Your assignment
Pull out of the data below the stretch of lines bounded by the one containing "画像をギャラリービューアに読み込む, ルイ ヴィトン" and the one containing "Alfa Romeo 4C 2014 3D Model", both bounds included, unchanged.
====== Material shown
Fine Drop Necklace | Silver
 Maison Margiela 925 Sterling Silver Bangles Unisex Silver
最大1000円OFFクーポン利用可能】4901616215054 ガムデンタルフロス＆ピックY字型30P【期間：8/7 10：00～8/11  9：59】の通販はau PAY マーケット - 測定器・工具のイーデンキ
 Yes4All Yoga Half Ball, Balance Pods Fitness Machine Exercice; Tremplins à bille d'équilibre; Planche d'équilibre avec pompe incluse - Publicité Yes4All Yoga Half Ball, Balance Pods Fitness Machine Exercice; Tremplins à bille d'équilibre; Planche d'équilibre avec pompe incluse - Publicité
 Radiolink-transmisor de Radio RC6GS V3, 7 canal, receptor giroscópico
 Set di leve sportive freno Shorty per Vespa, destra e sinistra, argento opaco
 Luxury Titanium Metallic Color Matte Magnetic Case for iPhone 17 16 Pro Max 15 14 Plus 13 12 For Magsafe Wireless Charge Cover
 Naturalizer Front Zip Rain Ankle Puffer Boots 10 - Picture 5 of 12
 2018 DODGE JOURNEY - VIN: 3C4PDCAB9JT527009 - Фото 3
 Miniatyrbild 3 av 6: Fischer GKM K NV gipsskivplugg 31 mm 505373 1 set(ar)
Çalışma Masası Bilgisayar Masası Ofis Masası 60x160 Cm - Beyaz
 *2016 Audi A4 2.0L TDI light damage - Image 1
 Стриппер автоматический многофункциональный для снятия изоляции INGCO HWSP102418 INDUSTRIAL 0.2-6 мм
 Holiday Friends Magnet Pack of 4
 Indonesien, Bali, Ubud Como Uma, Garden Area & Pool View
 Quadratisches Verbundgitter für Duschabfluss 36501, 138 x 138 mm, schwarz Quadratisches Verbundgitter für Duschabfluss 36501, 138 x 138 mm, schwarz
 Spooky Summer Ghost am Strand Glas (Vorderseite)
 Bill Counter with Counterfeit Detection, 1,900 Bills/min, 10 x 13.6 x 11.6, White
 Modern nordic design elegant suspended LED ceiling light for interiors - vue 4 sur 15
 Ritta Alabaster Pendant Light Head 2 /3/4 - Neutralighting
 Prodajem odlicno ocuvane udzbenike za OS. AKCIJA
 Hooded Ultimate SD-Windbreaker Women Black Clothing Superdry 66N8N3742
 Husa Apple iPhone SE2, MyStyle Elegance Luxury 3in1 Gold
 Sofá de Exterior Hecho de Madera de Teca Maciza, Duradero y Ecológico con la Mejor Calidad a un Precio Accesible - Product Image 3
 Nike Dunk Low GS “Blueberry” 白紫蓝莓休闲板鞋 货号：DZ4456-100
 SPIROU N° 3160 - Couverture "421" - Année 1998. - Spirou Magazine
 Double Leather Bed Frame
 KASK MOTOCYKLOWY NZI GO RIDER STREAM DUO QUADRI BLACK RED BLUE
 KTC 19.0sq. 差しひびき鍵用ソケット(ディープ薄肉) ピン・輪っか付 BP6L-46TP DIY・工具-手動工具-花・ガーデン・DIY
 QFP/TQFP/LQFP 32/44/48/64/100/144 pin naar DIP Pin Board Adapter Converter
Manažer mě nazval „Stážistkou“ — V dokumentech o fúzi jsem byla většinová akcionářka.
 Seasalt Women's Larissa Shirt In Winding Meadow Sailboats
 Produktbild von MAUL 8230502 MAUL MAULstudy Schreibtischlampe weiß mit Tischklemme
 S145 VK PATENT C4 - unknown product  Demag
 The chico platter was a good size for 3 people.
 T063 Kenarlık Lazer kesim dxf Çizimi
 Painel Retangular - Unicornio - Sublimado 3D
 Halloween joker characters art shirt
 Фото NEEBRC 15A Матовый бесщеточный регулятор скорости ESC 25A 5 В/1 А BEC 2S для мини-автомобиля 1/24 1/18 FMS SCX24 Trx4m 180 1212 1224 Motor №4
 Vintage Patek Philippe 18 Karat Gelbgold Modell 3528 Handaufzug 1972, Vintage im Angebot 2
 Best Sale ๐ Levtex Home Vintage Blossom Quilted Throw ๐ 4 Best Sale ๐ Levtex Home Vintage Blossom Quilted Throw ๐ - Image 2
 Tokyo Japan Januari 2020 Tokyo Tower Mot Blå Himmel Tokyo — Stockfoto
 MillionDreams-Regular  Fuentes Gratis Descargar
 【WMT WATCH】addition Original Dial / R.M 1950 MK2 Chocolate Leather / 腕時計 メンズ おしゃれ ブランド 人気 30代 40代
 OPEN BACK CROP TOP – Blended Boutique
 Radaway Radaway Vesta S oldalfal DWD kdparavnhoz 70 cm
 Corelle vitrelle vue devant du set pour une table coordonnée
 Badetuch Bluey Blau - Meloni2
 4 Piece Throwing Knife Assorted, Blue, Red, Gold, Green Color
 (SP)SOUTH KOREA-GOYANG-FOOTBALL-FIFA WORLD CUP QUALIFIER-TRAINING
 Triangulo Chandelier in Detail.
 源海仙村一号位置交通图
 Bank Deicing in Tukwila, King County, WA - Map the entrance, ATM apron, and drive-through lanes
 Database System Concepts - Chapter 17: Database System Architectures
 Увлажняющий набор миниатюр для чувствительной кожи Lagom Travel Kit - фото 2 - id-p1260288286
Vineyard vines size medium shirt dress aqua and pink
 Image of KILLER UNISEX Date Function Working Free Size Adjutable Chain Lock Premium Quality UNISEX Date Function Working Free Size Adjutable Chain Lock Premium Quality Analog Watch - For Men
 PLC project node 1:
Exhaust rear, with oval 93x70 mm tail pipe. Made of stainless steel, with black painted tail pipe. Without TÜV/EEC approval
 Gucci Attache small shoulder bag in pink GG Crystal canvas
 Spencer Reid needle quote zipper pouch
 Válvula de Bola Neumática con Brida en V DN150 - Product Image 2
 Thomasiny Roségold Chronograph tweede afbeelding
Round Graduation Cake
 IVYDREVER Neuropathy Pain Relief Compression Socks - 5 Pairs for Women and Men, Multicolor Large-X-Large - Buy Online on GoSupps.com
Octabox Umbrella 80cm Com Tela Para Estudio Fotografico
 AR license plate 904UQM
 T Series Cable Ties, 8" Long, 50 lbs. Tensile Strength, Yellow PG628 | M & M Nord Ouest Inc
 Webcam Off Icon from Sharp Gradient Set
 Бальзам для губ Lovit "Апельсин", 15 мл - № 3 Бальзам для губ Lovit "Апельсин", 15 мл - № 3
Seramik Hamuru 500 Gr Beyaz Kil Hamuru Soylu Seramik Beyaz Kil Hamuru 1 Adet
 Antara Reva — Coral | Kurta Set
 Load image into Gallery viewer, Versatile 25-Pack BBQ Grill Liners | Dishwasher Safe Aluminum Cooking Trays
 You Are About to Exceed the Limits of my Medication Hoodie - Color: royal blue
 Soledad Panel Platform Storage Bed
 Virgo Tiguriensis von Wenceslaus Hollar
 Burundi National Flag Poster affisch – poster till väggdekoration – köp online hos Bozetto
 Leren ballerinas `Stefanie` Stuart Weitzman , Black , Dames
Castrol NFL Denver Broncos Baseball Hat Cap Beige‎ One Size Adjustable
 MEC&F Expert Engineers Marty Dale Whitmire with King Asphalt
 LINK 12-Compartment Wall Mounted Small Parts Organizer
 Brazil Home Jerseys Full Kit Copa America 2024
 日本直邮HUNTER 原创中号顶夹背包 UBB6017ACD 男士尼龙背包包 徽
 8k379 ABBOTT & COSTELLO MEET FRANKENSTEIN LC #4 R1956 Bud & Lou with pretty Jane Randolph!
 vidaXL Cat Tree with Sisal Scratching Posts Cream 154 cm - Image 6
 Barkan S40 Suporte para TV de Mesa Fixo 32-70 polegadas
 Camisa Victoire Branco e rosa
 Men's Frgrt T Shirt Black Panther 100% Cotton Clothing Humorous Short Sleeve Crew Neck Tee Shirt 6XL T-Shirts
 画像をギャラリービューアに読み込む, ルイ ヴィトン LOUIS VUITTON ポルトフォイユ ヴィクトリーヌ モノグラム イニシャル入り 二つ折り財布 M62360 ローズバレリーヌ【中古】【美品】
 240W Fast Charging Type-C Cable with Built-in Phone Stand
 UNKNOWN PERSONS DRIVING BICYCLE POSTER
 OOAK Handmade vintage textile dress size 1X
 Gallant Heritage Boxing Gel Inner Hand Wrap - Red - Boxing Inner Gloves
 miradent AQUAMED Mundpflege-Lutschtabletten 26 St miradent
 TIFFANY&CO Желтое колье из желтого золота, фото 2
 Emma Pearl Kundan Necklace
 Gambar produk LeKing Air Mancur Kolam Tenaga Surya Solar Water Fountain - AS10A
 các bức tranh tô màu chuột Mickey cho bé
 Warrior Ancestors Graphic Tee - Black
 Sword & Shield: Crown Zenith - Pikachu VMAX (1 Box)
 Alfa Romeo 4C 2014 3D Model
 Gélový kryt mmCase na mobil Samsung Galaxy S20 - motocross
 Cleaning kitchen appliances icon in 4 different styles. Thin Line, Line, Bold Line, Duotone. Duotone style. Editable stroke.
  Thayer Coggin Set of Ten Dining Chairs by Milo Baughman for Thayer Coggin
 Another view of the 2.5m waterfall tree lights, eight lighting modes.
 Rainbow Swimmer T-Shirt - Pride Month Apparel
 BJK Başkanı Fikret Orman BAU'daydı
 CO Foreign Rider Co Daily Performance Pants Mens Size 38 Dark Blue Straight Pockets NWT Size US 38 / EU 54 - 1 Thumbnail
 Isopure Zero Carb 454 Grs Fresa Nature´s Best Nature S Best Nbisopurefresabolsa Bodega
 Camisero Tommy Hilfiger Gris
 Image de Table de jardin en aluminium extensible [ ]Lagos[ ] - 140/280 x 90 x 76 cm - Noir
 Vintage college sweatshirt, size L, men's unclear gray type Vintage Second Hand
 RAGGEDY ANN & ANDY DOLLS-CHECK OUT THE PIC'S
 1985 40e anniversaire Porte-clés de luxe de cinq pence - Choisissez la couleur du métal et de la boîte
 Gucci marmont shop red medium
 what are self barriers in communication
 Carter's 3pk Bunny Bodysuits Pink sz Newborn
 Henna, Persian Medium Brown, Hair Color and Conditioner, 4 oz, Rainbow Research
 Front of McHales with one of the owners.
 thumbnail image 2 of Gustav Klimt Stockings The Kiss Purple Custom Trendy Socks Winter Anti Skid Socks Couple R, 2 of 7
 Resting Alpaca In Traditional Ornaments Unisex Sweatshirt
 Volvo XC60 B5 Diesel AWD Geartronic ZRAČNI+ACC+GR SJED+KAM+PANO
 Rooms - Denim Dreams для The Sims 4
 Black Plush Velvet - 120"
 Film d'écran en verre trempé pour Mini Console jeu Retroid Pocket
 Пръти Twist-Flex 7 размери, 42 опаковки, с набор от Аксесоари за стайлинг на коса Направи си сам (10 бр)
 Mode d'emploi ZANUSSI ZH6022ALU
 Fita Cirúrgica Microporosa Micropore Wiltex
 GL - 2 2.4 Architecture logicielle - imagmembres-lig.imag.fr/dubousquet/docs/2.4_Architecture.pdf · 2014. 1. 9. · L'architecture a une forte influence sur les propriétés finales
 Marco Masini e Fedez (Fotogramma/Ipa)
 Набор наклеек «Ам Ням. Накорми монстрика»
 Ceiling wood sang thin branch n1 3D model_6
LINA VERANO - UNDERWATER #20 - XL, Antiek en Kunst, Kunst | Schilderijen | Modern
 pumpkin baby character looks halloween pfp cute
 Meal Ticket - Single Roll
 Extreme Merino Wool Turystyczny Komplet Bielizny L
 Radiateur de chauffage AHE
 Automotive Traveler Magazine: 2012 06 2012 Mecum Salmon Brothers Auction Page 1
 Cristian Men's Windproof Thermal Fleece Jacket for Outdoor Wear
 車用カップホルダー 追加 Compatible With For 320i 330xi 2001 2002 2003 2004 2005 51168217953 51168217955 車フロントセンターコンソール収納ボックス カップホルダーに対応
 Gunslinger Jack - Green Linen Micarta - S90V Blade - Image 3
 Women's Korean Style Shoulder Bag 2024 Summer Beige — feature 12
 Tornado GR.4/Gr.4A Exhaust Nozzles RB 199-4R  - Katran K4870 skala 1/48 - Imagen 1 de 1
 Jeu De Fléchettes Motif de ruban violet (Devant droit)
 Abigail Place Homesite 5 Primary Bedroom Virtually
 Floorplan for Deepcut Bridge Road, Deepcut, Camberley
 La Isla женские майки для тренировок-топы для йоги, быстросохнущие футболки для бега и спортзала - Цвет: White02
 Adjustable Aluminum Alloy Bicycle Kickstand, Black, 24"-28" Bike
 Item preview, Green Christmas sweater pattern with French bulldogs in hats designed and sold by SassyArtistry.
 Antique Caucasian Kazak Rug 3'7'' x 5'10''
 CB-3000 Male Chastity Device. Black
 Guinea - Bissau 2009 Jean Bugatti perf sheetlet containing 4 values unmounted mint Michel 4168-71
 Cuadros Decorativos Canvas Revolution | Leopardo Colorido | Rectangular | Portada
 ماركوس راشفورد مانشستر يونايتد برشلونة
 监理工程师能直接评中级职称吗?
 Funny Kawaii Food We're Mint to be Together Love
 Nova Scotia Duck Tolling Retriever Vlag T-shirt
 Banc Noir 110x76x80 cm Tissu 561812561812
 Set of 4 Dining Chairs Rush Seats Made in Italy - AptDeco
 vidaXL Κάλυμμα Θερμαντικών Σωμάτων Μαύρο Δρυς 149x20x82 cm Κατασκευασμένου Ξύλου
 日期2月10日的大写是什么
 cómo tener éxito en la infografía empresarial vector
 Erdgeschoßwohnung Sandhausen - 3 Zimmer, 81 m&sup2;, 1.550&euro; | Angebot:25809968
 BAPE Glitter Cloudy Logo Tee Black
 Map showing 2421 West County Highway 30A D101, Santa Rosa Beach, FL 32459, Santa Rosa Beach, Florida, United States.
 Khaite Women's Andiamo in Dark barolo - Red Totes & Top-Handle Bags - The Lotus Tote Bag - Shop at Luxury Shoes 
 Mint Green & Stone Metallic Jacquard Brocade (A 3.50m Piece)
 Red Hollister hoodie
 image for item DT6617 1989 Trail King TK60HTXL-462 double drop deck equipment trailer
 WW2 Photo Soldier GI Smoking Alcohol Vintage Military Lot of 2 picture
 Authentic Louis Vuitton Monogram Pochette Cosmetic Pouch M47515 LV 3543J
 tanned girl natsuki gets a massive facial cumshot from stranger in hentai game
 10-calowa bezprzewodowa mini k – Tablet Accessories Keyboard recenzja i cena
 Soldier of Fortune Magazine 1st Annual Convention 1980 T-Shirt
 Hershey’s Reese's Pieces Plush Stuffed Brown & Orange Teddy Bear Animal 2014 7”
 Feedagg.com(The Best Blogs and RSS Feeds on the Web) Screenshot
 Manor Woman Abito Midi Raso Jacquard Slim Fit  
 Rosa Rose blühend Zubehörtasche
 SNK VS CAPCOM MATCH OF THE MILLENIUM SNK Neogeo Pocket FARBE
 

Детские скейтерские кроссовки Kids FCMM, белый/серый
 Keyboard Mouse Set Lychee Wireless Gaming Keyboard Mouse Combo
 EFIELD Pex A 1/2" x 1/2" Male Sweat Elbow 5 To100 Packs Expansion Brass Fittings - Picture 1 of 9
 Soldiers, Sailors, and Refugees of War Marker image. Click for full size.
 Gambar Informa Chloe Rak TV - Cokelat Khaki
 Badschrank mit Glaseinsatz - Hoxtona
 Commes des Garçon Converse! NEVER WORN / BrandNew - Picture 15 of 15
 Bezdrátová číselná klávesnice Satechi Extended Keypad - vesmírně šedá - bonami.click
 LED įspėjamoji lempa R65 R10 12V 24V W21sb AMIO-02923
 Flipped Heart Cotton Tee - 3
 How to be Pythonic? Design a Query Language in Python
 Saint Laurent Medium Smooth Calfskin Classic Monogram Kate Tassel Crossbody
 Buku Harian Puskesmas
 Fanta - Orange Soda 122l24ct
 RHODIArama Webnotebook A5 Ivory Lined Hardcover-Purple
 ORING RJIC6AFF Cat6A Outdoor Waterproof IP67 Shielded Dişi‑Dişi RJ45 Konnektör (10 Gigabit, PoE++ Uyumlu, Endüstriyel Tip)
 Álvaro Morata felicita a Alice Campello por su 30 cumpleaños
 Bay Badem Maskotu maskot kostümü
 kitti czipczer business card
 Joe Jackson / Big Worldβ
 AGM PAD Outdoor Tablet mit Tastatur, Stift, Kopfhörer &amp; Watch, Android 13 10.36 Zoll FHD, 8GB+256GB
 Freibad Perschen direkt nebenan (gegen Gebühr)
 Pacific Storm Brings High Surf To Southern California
============
Task result
 画像をギャラリービューアに読み込む, ルイ ヴィトン LOUIS VUITTON ポルトフォイユ ヴィクトリーヌ モノグラム イニシャル入り 二つ折り財布 M62360 ローズバレリーヌ【中古】【美品】
 240W Fast Charging Type-C Cable with Built-in Phone Stand
 UNKNOWN PERSONS DRIVING BICYCLE POSTER
 OOAK Handmade vintage textile dress size 1X
 Gallant Heritage Boxing Gel Inner Hand Wrap - Red - Boxing Inner Gloves
 miradent AQUAMED Mundpflege-Lutschtabletten 26 St miradent
 TIFFANY&CO Желтое колье из желтого золота, фото 2
 Emma Pearl Kundan Necklace
 Gambar produk LeKing Air Mancur Kolam Tenaga Surya Solar Water Fountain - AS10A
 các bức tranh tô màu chuột Mickey cho bé
 Warrior Ancestors Graphic Tee - Black
 Sword & Shield: Crown Zenith - Pikachu VMAX (1 Box)
 Alfa Romeo 4C 2014 3D Model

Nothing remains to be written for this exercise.